A estupidez de algumas intervenções de bispos, padres e certos grupos de católicos-pimba no duelo pelo "não" dá fôlego a intervenções inúteis dos advogados do sim. Rui Tavares, por exemplo, no PÚBLICO de hoje, refere "ameaças sérias" e "ilegais" e "chantagem" sobre os votantes. Acreditará mesmo que a excomunhão suscita temor, aqui, hoje? Quando se trata de religião, a visão crítica "progressista", ao diabolizar tudo o que tem a ver com catolicismo, não faz mais do preparar o caminho a outras ameaças, mais próximas e sérias, em termos do espaço europeu, do que a distracção permite entender. A esquerda ocidental parece nem avaliar até que ponto já venceu ideologicamente (não por mérito próprio) a batalha contra a crença religiosa. Já não há inferno. E mesmo os "crentes" não levam a sério a maior parte dos textos bíblicos que, de resto, apenas uma ínfima minoria conhecerá.

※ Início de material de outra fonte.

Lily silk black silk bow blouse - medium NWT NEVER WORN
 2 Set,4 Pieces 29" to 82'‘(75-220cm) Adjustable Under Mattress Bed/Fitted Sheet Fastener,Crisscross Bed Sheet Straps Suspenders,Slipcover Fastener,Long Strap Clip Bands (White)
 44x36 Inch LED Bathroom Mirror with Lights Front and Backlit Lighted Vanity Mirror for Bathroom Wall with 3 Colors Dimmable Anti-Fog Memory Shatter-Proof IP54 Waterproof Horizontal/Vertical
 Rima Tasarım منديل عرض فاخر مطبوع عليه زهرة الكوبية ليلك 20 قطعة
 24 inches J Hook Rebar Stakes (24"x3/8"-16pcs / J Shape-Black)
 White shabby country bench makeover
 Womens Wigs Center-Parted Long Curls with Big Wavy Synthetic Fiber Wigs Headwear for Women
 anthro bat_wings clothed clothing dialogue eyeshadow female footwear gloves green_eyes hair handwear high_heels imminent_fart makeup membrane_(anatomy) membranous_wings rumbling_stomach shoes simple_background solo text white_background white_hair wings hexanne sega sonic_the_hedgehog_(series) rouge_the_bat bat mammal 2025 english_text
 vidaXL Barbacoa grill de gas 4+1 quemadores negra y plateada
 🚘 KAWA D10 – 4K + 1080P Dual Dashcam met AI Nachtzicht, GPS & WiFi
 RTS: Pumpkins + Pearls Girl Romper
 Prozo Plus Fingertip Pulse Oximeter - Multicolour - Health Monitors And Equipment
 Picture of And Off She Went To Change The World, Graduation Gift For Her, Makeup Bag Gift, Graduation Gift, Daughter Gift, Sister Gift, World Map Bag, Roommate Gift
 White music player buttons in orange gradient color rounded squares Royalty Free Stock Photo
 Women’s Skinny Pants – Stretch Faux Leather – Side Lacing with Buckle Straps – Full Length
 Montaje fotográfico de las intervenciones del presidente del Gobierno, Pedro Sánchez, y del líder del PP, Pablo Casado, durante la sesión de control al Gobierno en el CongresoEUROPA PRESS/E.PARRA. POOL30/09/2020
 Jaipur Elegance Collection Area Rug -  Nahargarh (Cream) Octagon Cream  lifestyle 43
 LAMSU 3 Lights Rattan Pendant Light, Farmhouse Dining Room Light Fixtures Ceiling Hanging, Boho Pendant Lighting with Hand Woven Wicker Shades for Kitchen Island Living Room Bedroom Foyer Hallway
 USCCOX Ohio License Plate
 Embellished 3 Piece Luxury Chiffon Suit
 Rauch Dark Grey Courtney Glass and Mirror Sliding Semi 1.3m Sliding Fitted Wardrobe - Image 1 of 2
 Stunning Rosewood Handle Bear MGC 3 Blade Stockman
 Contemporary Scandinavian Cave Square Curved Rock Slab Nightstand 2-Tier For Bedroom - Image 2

Ontem, na SIC-Notícias, repunha-se uma intervenção de Pilar del Rio, uma presença encantadora e envolvente. Ponto forte foi a força das mulheres e a submissão a que são sujeitas a nível global. Pelo meio da entrevista, e a propósito dos livros de Saramago, referiu-se várias vezes à opressão vinda do catolicismo e, claro, a Inquisição marcou o ponto.

Num filme mais recente, Ségolène acaba de anunciar que a sua primeira lei visará defender as mulheres que sofrem maus tratos.

Não há progresso social compatível com a discriminação das mulheres. Espanha e França têm segmentos importantes de população que, com base em princípios religiosos, assumem a inferiorização das mulheres. Se não o soubéssemos já, não seria por Pilar ou Ségolène que o ouviríamos mencionar.

quarta-feira, janeiro 17

Enforcar com dignidade

Os lamentos sobre as recentes execuções de criminosos no Iraque são muito curiosos. É claro que as coisas não correram bem. Para evitar comunicação indesejada, hoje em dia nem nos exames se deixa entrar alunos com telemóveis. Houve insultos - coisa completamente supérflua quando se vai tirar a vida a alguém. Houve uma cabeça cortada - raro, mas pode acontecer, diz quem sabe. Deplorou-se a falta de "dignidade" nos procedimentos. E no entanto, esquecendo já que os condenados eram criminosos que promoviam a tortura de opositores políticos com trituradores de carne (entre outras engenhocas igualmente indignificantes), aparentemente as penas foram executadas com o cuidado de tudo se passar rapidamente. Nada parecido com o que costuma acontecer quando os carrascos não têm apuro técnico ou quando deliberadamente se pretende prolongar a agonia. Ou com outras formas de executar a pena de morte em países de cultura muçulmana. E mesmo com os processos mais sofisticados de matar há sempre a possibilidade de tudo correr mal: ainda muito recentemente, uma execução por injecção letal nos EUA alongou-se por quase meia hora. Quem estuda o assunto afirma que um nó adequado e uma queda calculada com precisão minimizam a duração do sofrimento. Está tudo tabelado. Para um condenado, dignidade é antes de tudo rapidez.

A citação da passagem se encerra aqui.